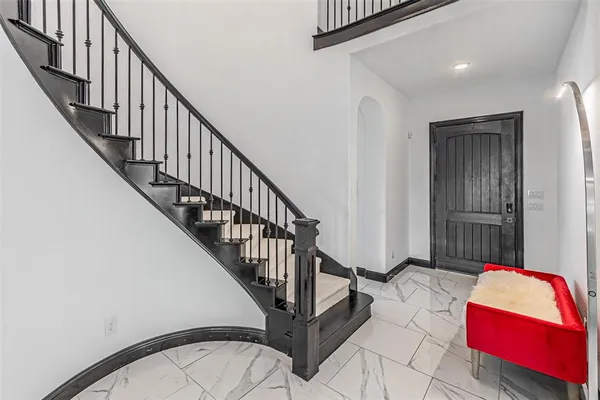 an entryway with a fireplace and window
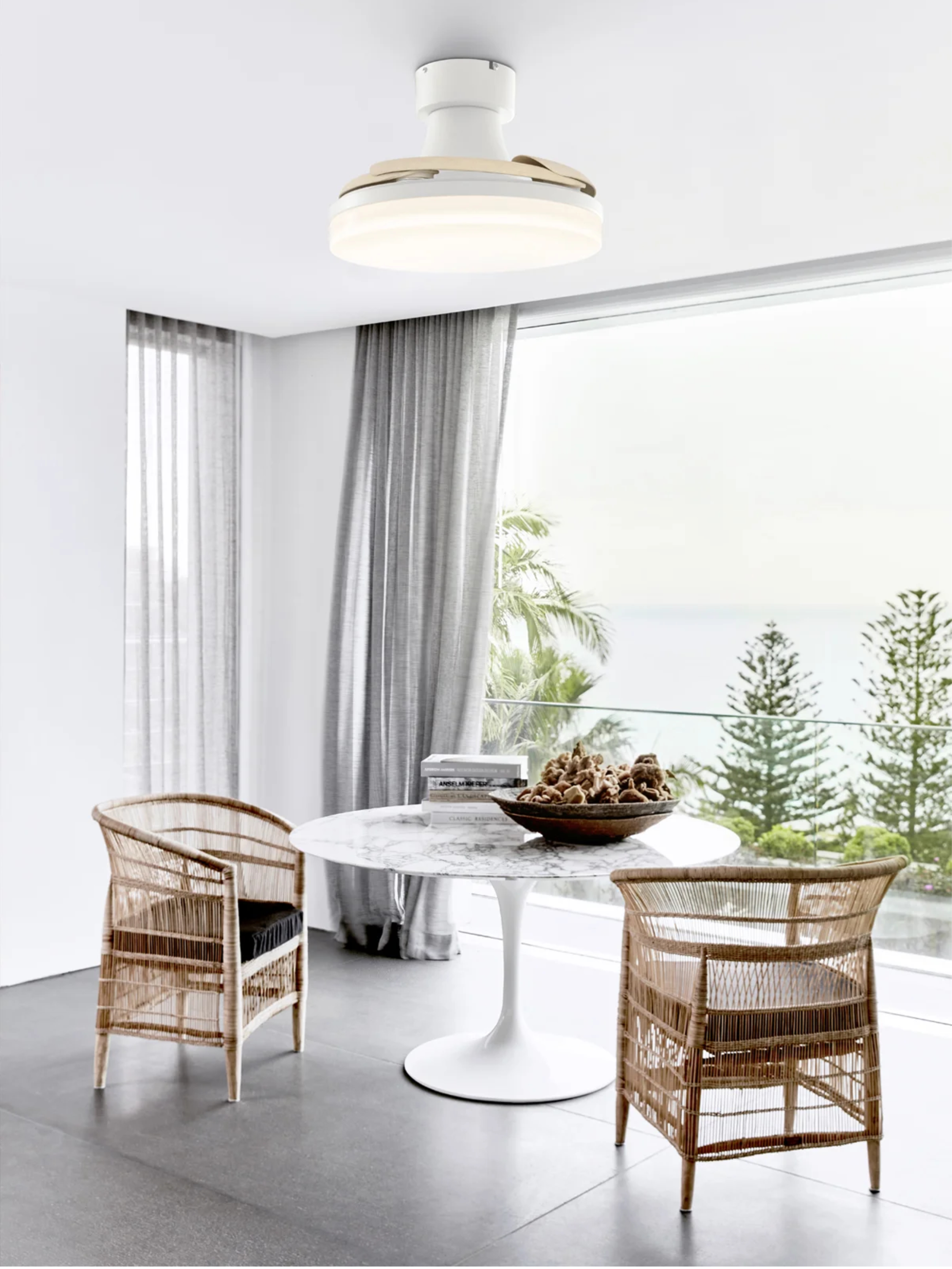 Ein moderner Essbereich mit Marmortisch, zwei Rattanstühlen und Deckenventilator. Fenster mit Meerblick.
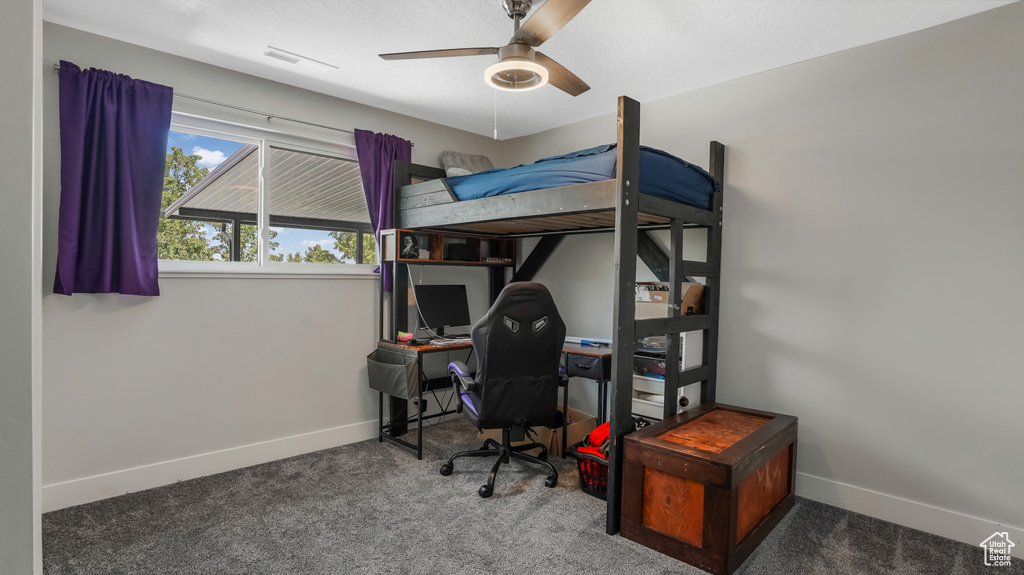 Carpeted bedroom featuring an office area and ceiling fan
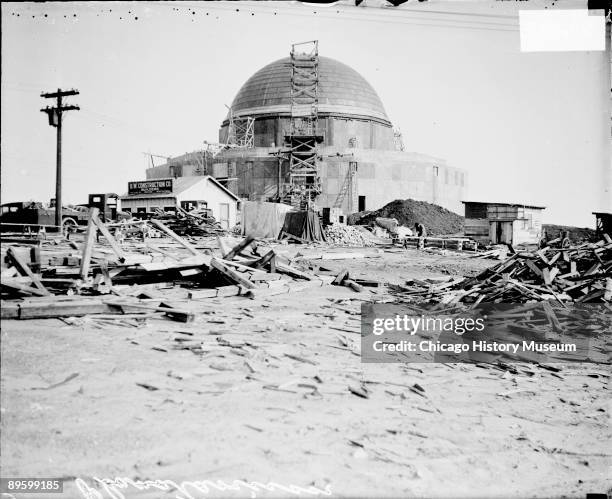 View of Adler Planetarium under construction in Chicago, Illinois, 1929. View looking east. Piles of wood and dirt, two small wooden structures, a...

====

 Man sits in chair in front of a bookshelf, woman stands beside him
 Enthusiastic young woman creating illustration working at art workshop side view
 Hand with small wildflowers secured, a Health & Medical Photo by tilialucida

====

> _EXERCISE INSTRUCTIONS_:
To complete this exercise, transcribe exactly the lines above from the one that holds "Ein moderner Essbereich" through the one that holds "View of Adler". Pictures stay out.

> _ANSWER SECTION_:
 Ein moderner Essbereich mit Marmortisch, zwei Rattanstühlen und Deckenventilator. Fenster mit Meerblick.
 Carpeted bedroom featuring an office area and ceiling fan
 View of Adler Planetarium under construction in Chicago, Illinois, 1929. View looking east. Piles of wood and dirt, two small wooden structures, a...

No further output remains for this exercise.